Madame Christine AUBRY-CAMOIN, Président, a fait un rapport oral à l’audience, avant les plaidoiries.
Ces magistrats ont rendu compte des plaidoiries dans le délibéré de la Cour, composée de :
Madame Christine AUBRY-CAMOIN, Président
Monsieur Jean-Pierre PRIEUR, Conseiller
Madame Brigitte BERTI, Conseiller
Greffier lors des débats : Madame Viviane BALLESTER.
Les parties ont été avisées que le prononcé public de la décision aurait lieu par mise à disposition au greffe le 23 Mai 2013.
ARRÊT
Contradictoire,
Prononcé par mise à disposition au greffe le 23 Mai 2013.

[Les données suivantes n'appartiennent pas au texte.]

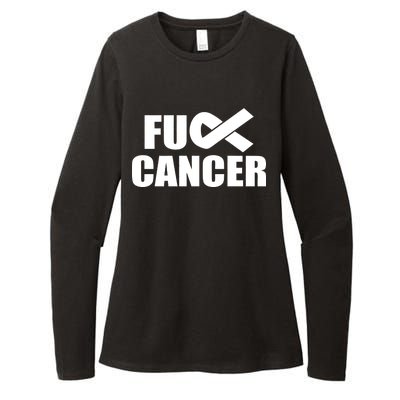 Fuck Cancer Fight Logo Womens CVC Long Sleeve Shirt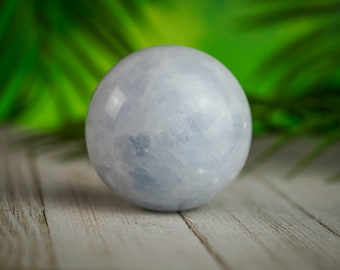 Boule de cristal de calcite bleue 60 mm ou 70 mm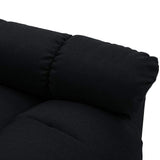 Electric Massage Chair Black Fabric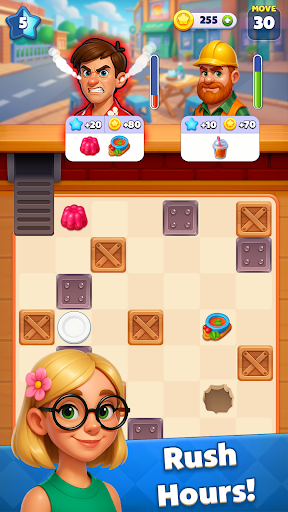 Slide & Serve: Kitchen Puzzle ekran görüntüsü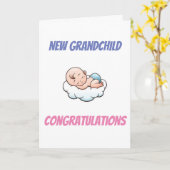 KONGRTULATIONEN "GRANDELTERN" ÜBER NEUE GRANDCHILD KARTE (Gelbe Blume)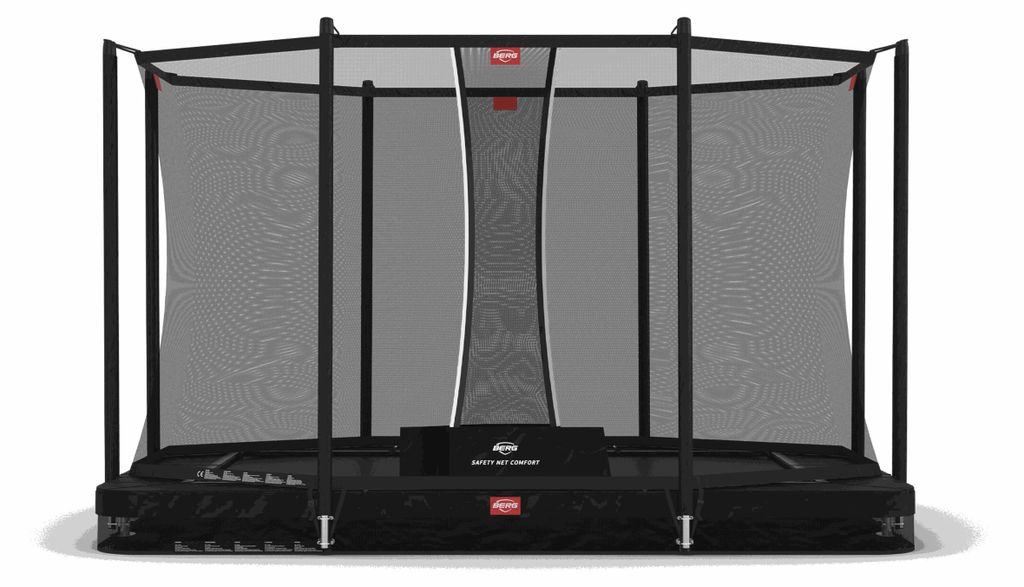 BERG Bodentrampolin Ultim Favorit InGround 330 + Sicherheitsnetz Comfort
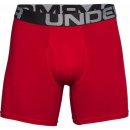 Under Armour Charged Cotton 6In 3 Pack Red/ Academy/ Mod Gray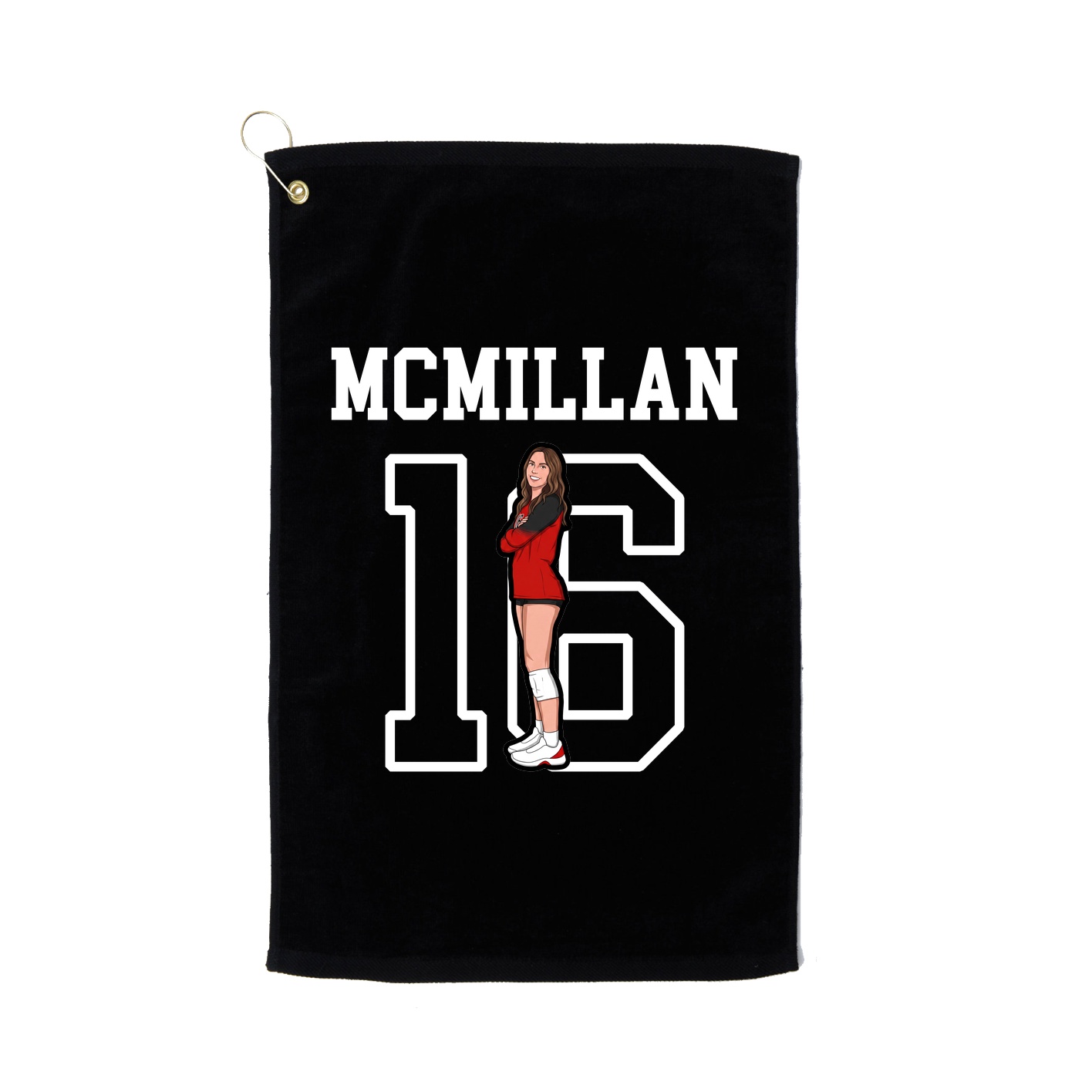 Golf Towel — Shirsey in Black
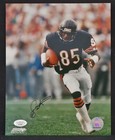 DENNIS McKINNON Autographed 8x10 Photo JSA  85 CHICAGO BEARS AUTO — photo 1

Signé par Madame Christine AUBRY-CAMOIN, Président et Madame Viviane BALLESTER, greffier auquel la minute de la décision a été remise par le magistrat signataire.
— *-*-*-*-
EXPOSE DU LITIGE
Suivant ordre de traitement du 14 avril 2009 n°MP00334616, monsieur Mars X a remis à la société COOKSON CLAL 1320 grammes de limaille présentée comme étant de la limaille de platine fin en vue de sa fonte et de sa transformation en lingot afin d’être revendu sur la base du fixing de Londres – 4% pour le traitement.
Suivant bon de transfert du 16 avril 2009, la société COOKSON CLAL a fait parvenir à son laboratoire de Rillieux La Pape plusieurs lots en sa possession dont ce lot n°MP00334616.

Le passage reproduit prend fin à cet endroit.